From the first line to the last, repeat the data exactly and drop the pictures.

Start of ENTRIES SUPPLIED

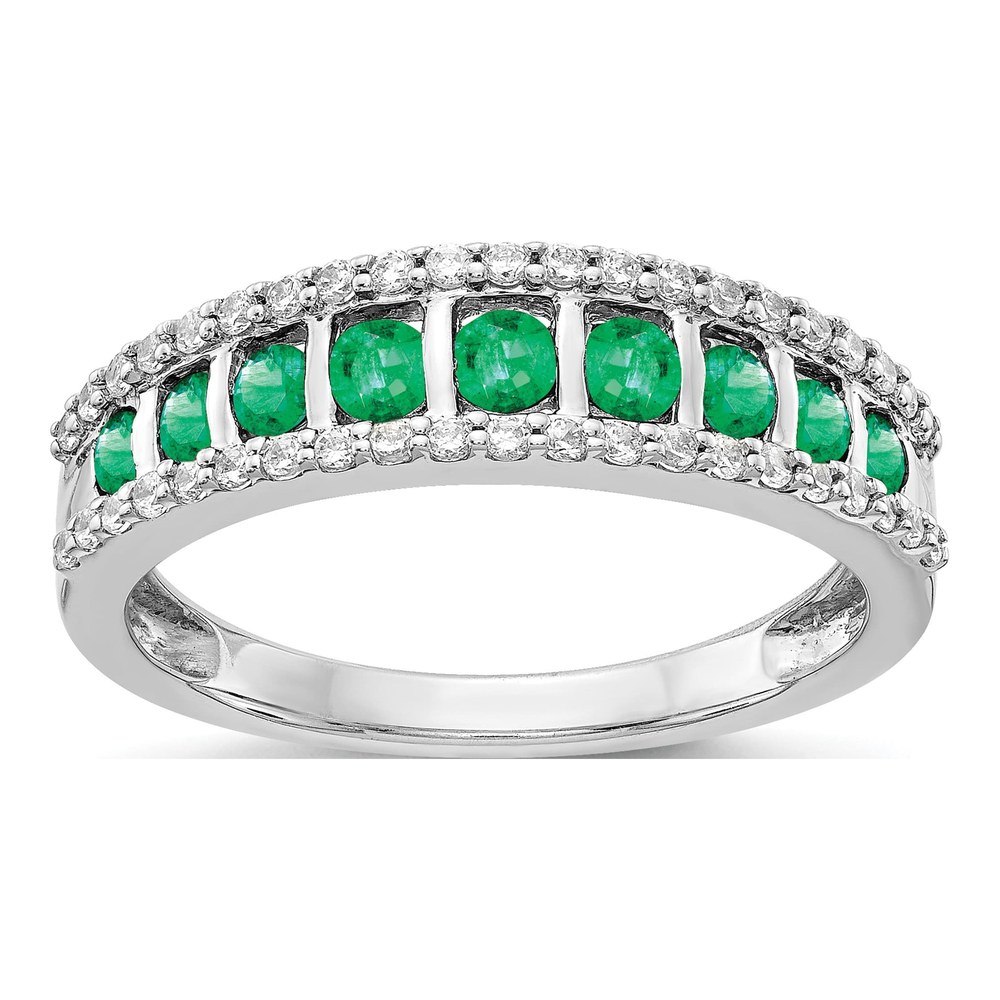 14K White Gold 1/4 ct tw Emerald & Diamond Fancy Ring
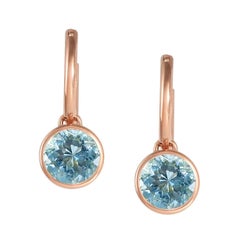 Boucles d'oreilles en goutte en or rose 18 carats avec aigue-marine de 2,70 carats, fabriquées à la main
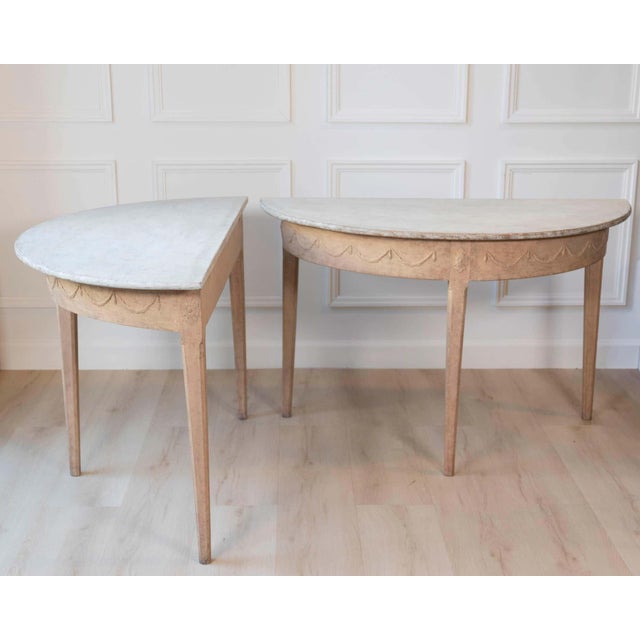 Pair of Swedish Gustavian Demi-Lune Console Tables in Oak, circa 1840–1860 For Sale - Image 11 of 11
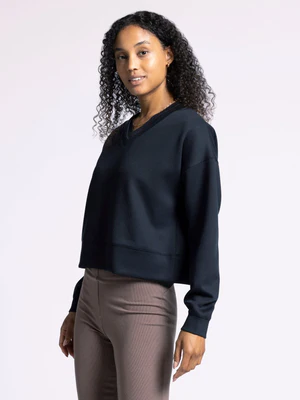 Martina V-Neck Pullover Black Rib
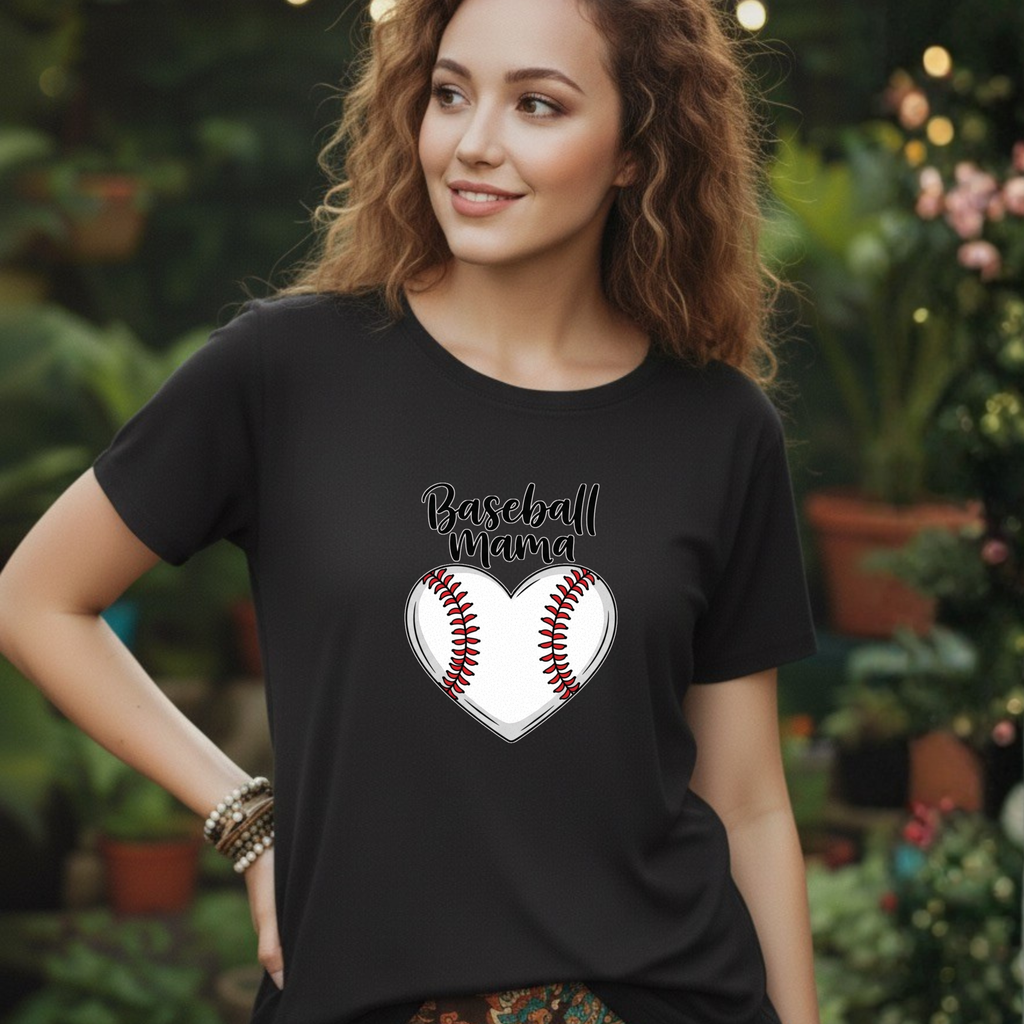 Baseball Mama heart baseball T-shirt | Mom team shirt, sports mom tee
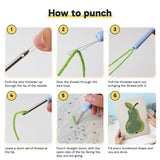 Six steps showing how to thread and use the punch needle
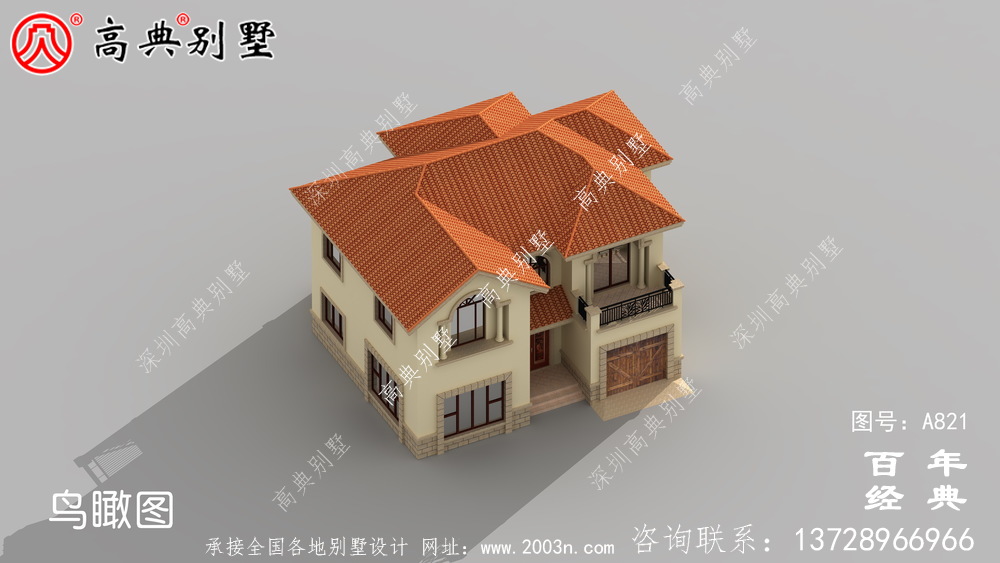 二層帶車庫的歐式別墅設計圖_二層自建建筑設計圖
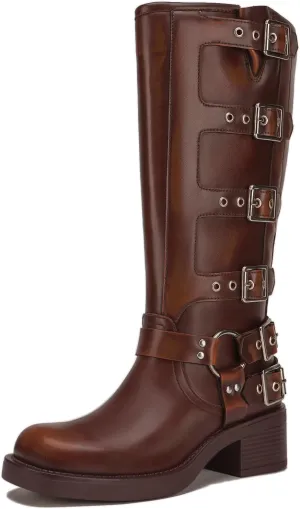 Athlefit Women's Knee High Riding Boots Fashion Buckle Square Toe Chunky Heel Wide Calf Biker Boots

End of ENTRIES SUPPLIED

[ANSWER]
 14K White Gold 1/4 ct tw Emerald & Diamond Fancy Ring
 Boucles d'oreilles en goutte en or rose 18 carats avec aigue-marine de 2,70 carats, fabriquées à la main
 Pair of Swedish Gustavian Demi-Lune Console Tables in Oak, circa 1840–1860 For Sale - Image 11 of 11
 Martina V-Neck Pullover Black Rib
 Baseball Mama heart baseball T-shirt | Mom team shirt, sports mom tee
 Six steps showing how to thread and use the punch needle
 二層帶車庫的歐式別墅設計圖_二層自建建筑設計圖
 Athlefit Women's Knee High Riding Boots Fashion Buckle Square Toe Chunky Heel Wide Calf Biker Boots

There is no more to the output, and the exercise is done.